● **Assignment**: The answer must restate the records below word for word.

● **Data under study**:
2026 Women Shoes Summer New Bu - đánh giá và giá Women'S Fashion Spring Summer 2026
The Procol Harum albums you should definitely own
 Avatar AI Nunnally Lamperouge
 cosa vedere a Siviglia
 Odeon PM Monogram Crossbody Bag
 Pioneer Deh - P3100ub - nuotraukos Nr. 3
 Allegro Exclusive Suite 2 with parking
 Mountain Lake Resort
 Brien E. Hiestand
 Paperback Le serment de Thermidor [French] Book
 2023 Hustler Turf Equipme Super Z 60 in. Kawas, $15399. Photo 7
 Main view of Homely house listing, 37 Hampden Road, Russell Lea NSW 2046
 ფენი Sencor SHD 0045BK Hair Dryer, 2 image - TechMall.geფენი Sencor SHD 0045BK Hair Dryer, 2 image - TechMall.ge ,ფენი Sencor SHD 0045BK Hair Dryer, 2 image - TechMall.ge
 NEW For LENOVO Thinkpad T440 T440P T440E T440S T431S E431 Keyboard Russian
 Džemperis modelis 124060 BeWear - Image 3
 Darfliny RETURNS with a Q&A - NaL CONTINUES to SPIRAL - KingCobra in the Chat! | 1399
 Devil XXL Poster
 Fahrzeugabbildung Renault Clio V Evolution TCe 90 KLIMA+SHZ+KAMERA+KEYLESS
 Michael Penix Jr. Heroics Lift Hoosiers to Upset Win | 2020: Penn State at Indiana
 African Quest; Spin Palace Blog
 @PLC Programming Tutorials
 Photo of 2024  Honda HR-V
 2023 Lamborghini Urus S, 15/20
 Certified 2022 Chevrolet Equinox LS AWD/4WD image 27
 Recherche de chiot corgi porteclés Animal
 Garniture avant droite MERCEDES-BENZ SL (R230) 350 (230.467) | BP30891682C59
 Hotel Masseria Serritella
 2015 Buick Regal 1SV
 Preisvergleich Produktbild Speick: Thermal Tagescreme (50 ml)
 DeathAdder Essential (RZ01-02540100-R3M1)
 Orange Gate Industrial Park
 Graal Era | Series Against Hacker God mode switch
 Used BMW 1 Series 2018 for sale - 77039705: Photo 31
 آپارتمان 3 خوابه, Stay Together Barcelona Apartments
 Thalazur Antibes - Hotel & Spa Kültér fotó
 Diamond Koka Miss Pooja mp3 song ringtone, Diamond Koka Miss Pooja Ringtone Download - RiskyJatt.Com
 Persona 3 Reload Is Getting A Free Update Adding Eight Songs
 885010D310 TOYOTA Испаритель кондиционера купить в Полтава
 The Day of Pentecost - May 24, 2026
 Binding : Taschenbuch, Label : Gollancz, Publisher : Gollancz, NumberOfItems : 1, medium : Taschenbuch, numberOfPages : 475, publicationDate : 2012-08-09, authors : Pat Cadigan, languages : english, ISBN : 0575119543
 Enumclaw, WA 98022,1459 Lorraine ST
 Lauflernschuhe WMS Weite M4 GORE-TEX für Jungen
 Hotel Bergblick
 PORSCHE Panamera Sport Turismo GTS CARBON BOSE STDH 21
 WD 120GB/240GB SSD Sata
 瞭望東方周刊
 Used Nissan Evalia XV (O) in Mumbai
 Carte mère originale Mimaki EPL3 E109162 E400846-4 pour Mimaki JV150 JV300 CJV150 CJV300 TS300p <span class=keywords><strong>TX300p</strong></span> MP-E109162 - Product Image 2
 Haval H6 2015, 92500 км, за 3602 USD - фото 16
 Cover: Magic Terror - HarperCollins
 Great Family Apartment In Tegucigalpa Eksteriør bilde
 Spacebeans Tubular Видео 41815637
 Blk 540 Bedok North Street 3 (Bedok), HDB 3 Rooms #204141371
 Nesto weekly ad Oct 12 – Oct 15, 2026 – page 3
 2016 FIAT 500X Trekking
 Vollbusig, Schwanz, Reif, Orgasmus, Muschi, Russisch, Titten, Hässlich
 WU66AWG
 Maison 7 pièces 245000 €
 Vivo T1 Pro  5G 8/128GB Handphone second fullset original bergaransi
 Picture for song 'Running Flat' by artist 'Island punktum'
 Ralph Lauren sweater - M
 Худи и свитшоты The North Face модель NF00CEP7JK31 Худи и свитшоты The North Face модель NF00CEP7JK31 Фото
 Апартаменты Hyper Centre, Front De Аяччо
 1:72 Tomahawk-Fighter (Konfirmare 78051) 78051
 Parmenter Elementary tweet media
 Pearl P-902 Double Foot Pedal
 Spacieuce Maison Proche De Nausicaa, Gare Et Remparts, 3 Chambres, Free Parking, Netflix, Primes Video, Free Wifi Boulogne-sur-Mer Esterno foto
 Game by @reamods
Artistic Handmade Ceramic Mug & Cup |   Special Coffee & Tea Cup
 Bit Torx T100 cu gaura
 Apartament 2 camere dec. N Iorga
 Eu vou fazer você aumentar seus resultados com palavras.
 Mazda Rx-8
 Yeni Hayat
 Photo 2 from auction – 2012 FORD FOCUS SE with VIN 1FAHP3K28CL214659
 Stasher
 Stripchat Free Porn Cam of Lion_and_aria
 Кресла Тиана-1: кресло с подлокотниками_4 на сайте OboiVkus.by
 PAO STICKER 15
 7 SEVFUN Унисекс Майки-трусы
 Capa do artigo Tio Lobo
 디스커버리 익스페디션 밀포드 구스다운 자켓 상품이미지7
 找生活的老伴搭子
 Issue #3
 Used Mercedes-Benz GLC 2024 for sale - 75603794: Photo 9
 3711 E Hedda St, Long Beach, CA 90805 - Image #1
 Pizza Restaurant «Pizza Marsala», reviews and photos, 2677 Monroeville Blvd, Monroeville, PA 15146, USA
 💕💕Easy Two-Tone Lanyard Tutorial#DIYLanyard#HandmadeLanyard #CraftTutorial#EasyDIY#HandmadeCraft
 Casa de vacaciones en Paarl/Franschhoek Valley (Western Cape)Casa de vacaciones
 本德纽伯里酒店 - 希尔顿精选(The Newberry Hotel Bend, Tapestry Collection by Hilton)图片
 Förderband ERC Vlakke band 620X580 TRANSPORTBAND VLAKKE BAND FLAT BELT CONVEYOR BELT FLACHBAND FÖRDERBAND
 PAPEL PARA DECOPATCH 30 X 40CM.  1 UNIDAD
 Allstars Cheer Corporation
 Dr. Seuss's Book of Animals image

● **Task answer**:
2026 Women Shoes Summer New Bu - đánh giá và giá Women'S Fashion Spring Summer 2026
The Procol Harum albums you should definitely own
 Avatar AI Nunnally Lamperouge
 cosa vedere a Siviglia
 Odeon PM Monogram Crossbody Bag
 Pioneer Deh - P3100ub - nuotraukos Nr. 3
 Allegro Exclusive Suite 2 with parking
 Mountain Lake Resort
 Brien E. Hiestand
 Paperback Le serment de Thermidor [French] Book
 2023 Hustler Turf Equipme Super Z 60 in. Kawas, $15399. Photo 7
 Main view of Homely house listing, 37 Hampden Road, Russell Lea NSW 2046
 ფენი Sencor SHD 0045BK Hair Dryer, 2 image - TechMall.geფენი Sencor SHD 0045BK Hair Dryer, 2 image - TechMall.ge ,ფენი Sencor SHD 0045BK Hair Dryer, 2 image - TechMall.ge
 NEW For LENOVO Thinkpad T440 T440P T440E T440S T431S E431 Keyboard Russian
 Džemperis modelis 124060 BeWear - Image 3
 Darfliny RETURNS with a Q&A - NaL CONTINUES to SPIRAL - KingCobra in the Chat! | 1399
 Devil XXL Poster
 Fahrzeugabbildung Renault Clio V Evolution TCe 90 KLIMA+SHZ+KAMERA+KEYLESS
 Michael Penix Jr. Heroics Lift Hoosiers to Upset Win | 2020: Penn State at Indiana
 African Quest; Spin Palace Blog
 @PLC Programming Tutorials
 Photo of 2024  Honda HR-V
 2023 Lamborghini Urus S, 15/20
 Certified 2022 Chevrolet Equinox LS AWD/4WD image 27
 Recherche de chiot corgi porteclés Animal
 Garniture avant droite MERCEDES-BENZ SL (R230) 350 (230.467) | BP30891682C59
 Hotel Masseria Serritella
 2015 Buick Regal 1SV
 Preisvergleich Produktbild Speick: Thermal Tagescreme (50 ml)
 DeathAdder Essential (RZ01-02540100-R3M1)
 Orange Gate Industrial Park
 Graal Era | Series Against Hacker God mode switch
 Used BMW 1 Series 2018 for sale - 77039705: Photo 31
 آپارتمان 3 خوابه, Stay Together Barcelona Apartments
 Thalazur Antibes - Hotel & Spa Kültér fotó
 Diamond Koka Miss Pooja mp3 song ringtone, Diamond Koka Miss Pooja Ringtone Download - RiskyJatt.Com
 Persona 3 Reload Is Getting A Free Update Adding Eight Songs
 885010D310 TOYOTA Испаритель кондиционера купить в Полтава
 The Day of Pentecost - May 24, 2026
 Binding : Taschenbuch, Label : Gollancz, Publisher : Gollancz, NumberOfItems : 1, medium : Taschenbuch, numberOfPages : 475, publicationDate : 2012-08-09, authors : Pat Cadigan, languages : english, ISBN : 0575119543
 Enumclaw, WA 98022,1459 Lorraine ST
 Lauflernschuhe WMS Weite M4 GORE-TEX für Jungen
 Hotel Bergblick
 PORSCHE Panamera Sport Turismo GTS CARBON BOSE STDH 21
 WD 120GB/240GB SSD Sata
 瞭望東方周刊
 Used Nissan Evalia XV (O) in Mumbai
 Carte mère originale Mimaki EPL3 E109162 E400846-4 pour Mimaki JV150 JV300 CJV150 CJV300 TS300p <span class=keywords><strong>TX300p</strong></span> MP-E109162 - Product Image 2
 Haval H6 2015, 92500 км, за 3602 USD - фото 16
 Cover: Magic Terror - HarperCollins
 Great Family Apartment In Tegucigalpa Eksteriør bilde
 Spacebeans Tubular Видео 41815637
 Blk 540 Bedok North Street 3 (Bedok), HDB 3 Rooms #204141371
 Nesto weekly ad Oct 12 – Oct 15, 2026 – page 3
 2016 FIAT 500X Trekking
 Vollbusig, Schwanz, Reif, Orgasmus, Muschi, Russisch, Titten, Hässlich
 WU66AWG
 Maison 7 pièces 245000 €
 Vivo T1 Pro  5G 8/128GB Handphone second fullset original bergaransi
 Picture for song 'Running Flat' by artist 'Island punktum'
 Ralph Lauren sweater - M
 Худи и свитшоты The North Face модель NF00CEP7JK31 Худи и свитшоты The North Face модель NF00CEP7JK31 Фото
 Апартаменты Hyper Centre, Front De Аяччо
 1:72 Tomahawk-Fighter (Konfirmare 78051) 78051
 Parmenter Elementary tweet media
 Pearl P-902 Double Foot Pedal
 Spacieuce Maison Proche De Nausicaa, Gare Et Remparts, 3 Chambres, Free Parking, Netflix, Primes Video, Free Wifi Boulogne-sur-Mer Esterno foto
 Game by @reamods
Artistic Handmade Ceramic Mug & Cup |   Special Coffee & Tea Cup
 Bit Torx T100 cu gaura
 Apartament 2 camere dec. N Iorga
 Eu vou fazer você aumentar seus resultados com palavras.
 Mazda Rx-8
 Yeni Hayat
 Photo 2 from auction – 2012 FORD FOCUS SE with VIN 1FAHP3K28CL214659
 Stasher
 Stripchat Free Porn Cam of Lion_and_aria
 Кресла Тиана-1: кресло с подлокотниками_4 на сайте OboiVkus.by
 PAO STICKER 15
 7 SEVFUN Унисекс Майки-трусы
 Capa do artigo Tio Lobo
 디스커버리 익스페디션 밀포드 구스다운 자켓 상품이미지7
 找生活的老伴搭子
 Issue #3
 Used Mercedes-Benz GLC 2024 for sale - 75603794: Photo 9
 3711 E Hedda St, Long Beach, CA 90805 - Image #1
 Pizza Restaurant «Pizza Marsala», reviews and photos, 2677 Monroeville Blvd, Monroeville, PA 15146, USA
 💕💕Easy Two-Tone Lanyard Tutorial#DIYLanyard#HandmadeLanyard #CraftTutorial#EasyDIY#HandmadeCraft
 Casa de vacaciones en Paarl/Franschhoek Valley (Western Cape)Casa de vacaciones
 本德纽伯里酒店 - 希尔顿精选(The Newberry Hotel Bend, Tapestry Collection by Hilton)图片
 Förderband ERC Vlakke band 620X580 TRANSPORTBAND VLAKKE BAND FLAT BELT CONVEYOR BELT FLACHBAND FÖRDERBAND
 PAPEL PARA DECOPATCH 30 X 40CM.  1 UNIDAD
 Allstars Cheer Corporation
 Dr. Seuss's Book of Animals image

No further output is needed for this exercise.